Study highlights need for Parkinson’s-specific treatments
Patients commonly reflected feeling worried about how they would be perceived by others, highlighting concerns that anxiety could lead to isolation and withdrawal.
Most of those interviewed said that connecting with others dealing with similar issues, and particularly individuals with Parkinson’s, could be a great help in managing these problems.
“They’re all diagnosed quite a long way ahead of me […] they’ve normally got stories that oh yes, that happened to me, and I did this, which is really helpful,” one patient said.
Other coping strategies included positive self-talk — such as “I’ve done this before I can do it again” — and practicing mindfulness to keep attention focused on the present moment.
“You just try and live in the present all of the time,” one patient said.
Most patients had not sought professional help to manage their anxiety, and they generally reported that this topic did not come up in discussions with healthcare providers. There was a reluctance by many patients to try anxiety medications due to concerns about side effects or withdrawal effects.
Among those who had sought interventions such as counseling or cognitive-behavioral therapy (CBT), reviews were mixed — some patients reported positive experiences, but others said these interventions had been unhelpful, often highlighting a lack of therapies specifically tailored toward the unique challenges faced by people with Parkinson’s.

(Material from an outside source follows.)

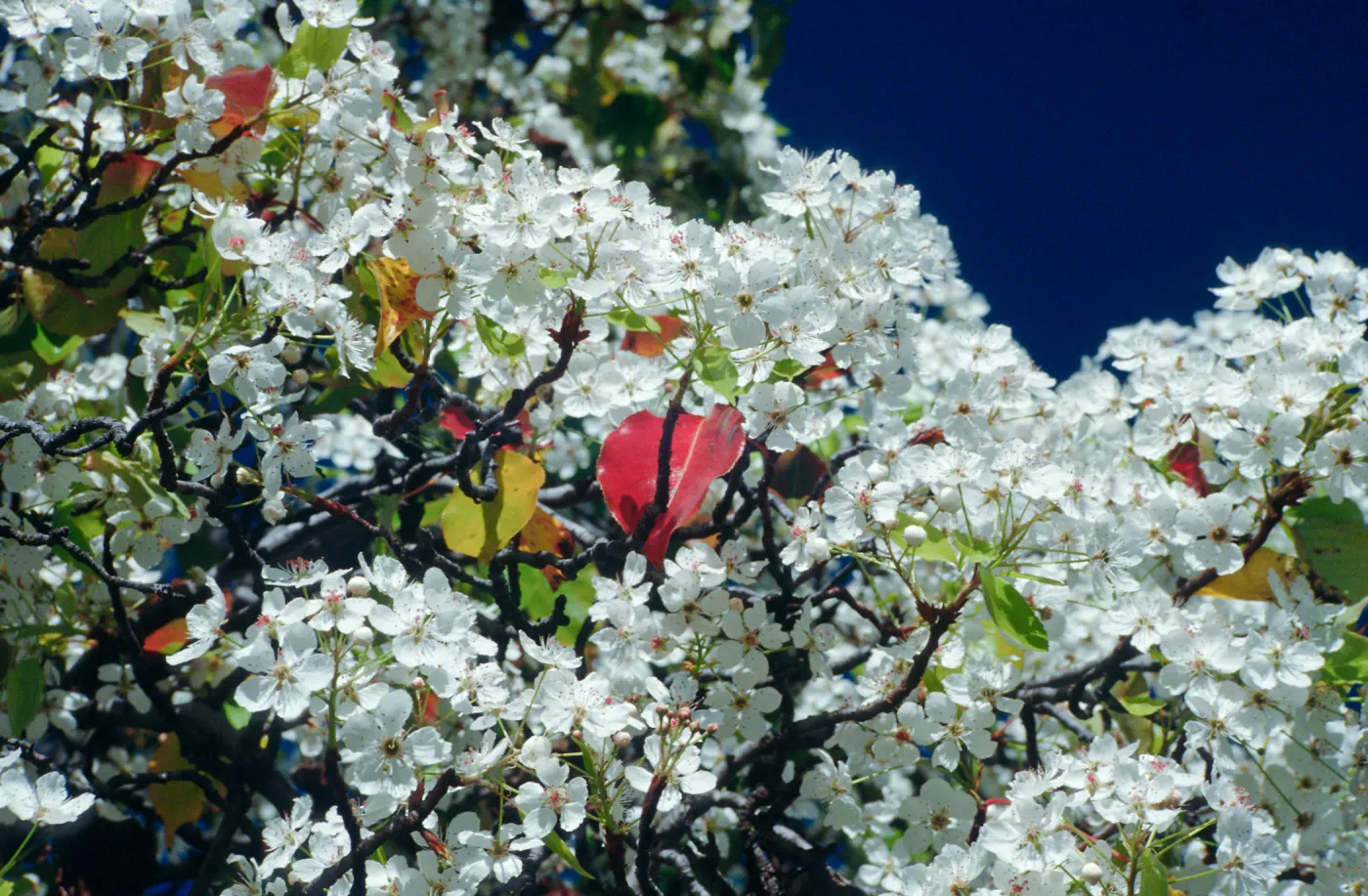 CA, Santa Barbara, Plants, flowering tree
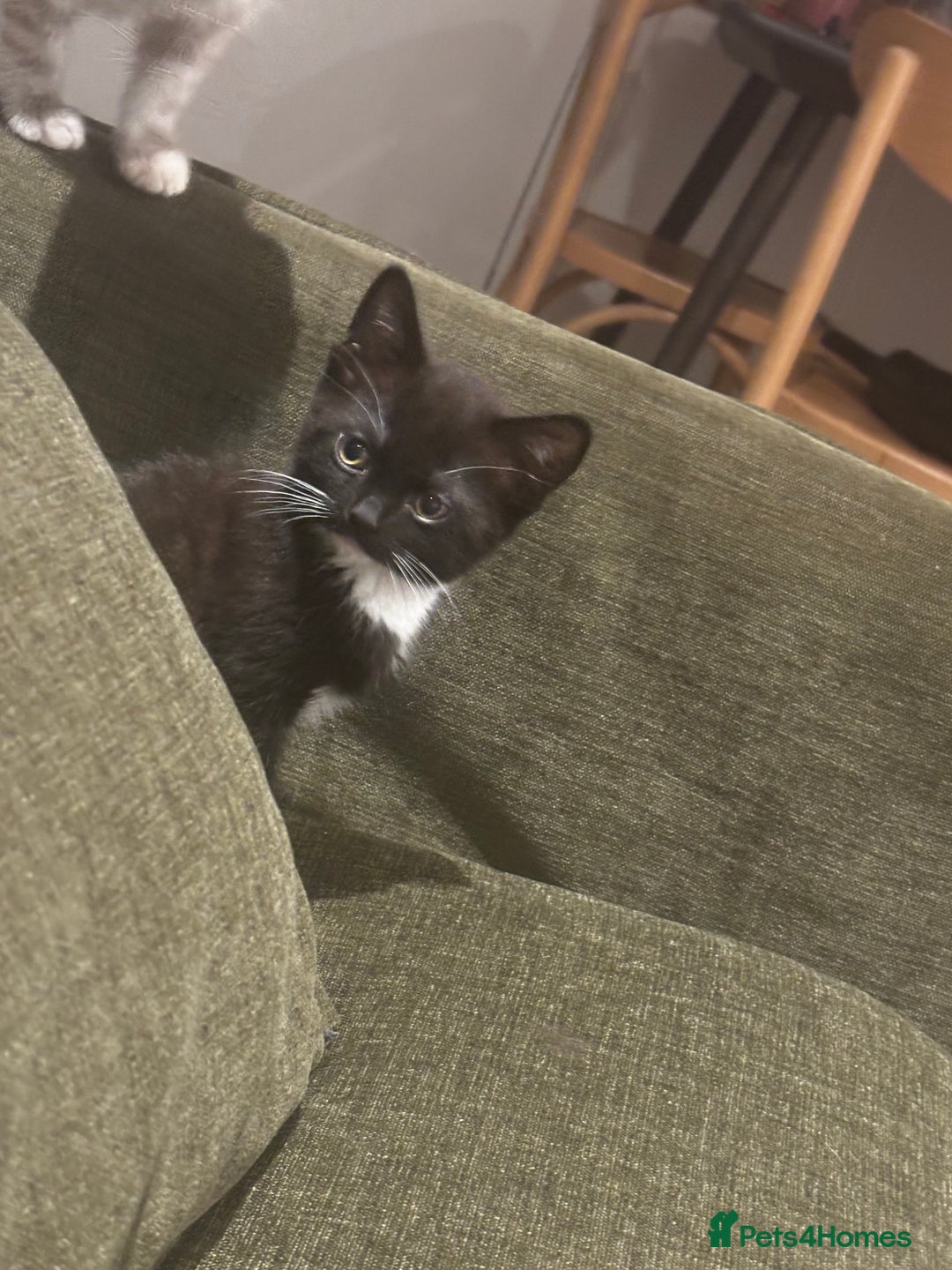 British Shorthair cats for sale: Adorable Tuxedo Kitten – Sweet, Playful & Healthy - Image 3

Further trials of [cognitive-behavioral therapy] protocols adapted for [Parkinson’s]-specific factors like falls, freezing, shame, and comorbid neuropsychiatric and cognitive symptoms are warranted [for treating anxiety in patients].
Collectively, according to researchers, these findings highlight a need for further studies to develop support systems to help people with Parkinson’s manage their anxiety.
“Further trials of CBT protocols adapted for [Parkinson’s]-specific factors like falls, freezing, shame, and comorbid neuropsychiatric and cognitive symptoms are warranted,” the team wrote.